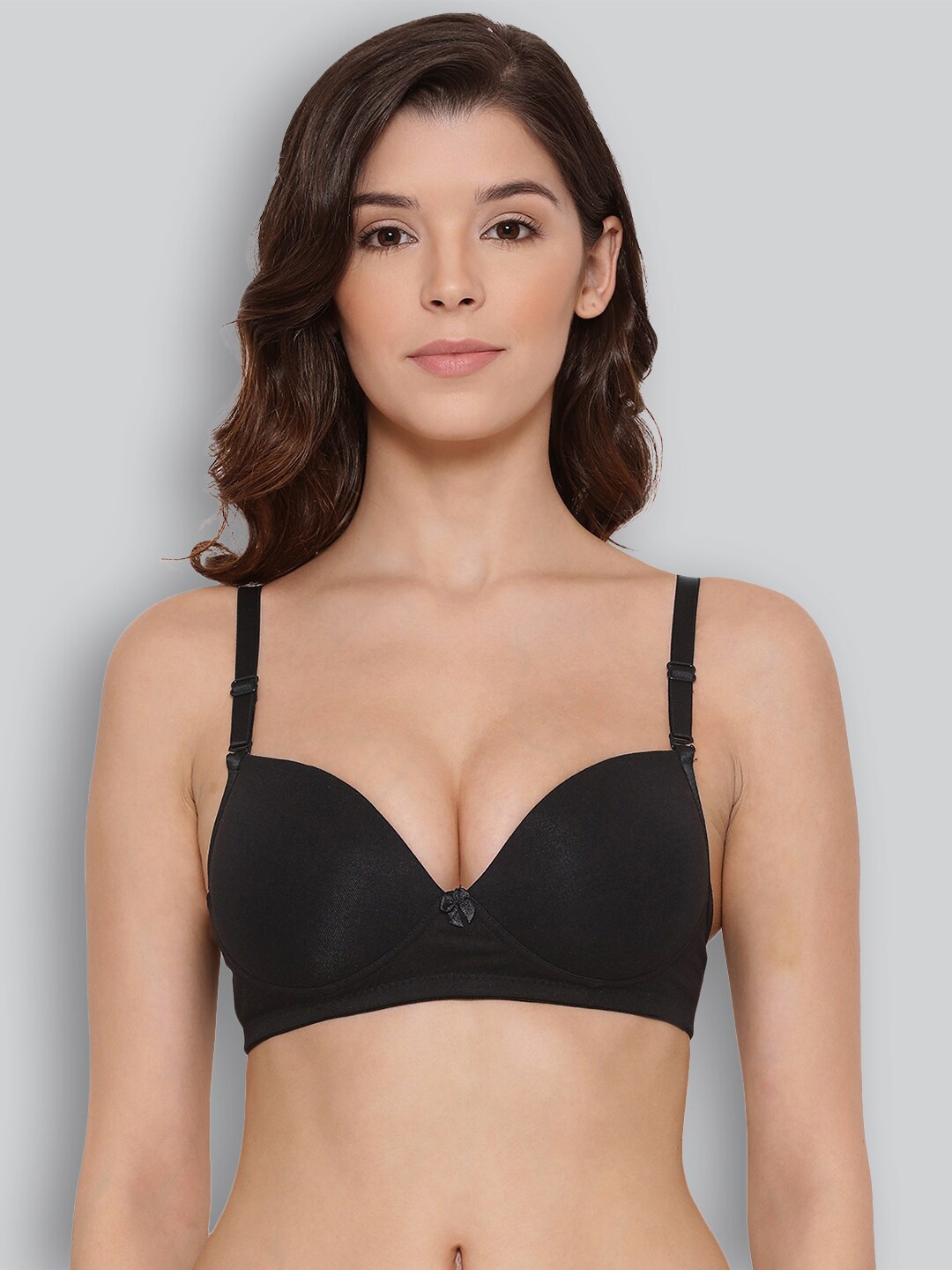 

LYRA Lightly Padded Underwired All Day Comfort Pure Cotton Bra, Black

_ _ _

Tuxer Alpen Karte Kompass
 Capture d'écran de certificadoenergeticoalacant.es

_ _ _

- _Work to be completed_
Give back the records above exactly, limited to the lines between the one holding "Tuxer Alpen Karte Kompass" and the one holding "Capture d'écran de", inclusive.

- _Task solution_
Tuxer Alpen Karte Kompass
 Capture d'écran de certificadoenergeticoalacant.es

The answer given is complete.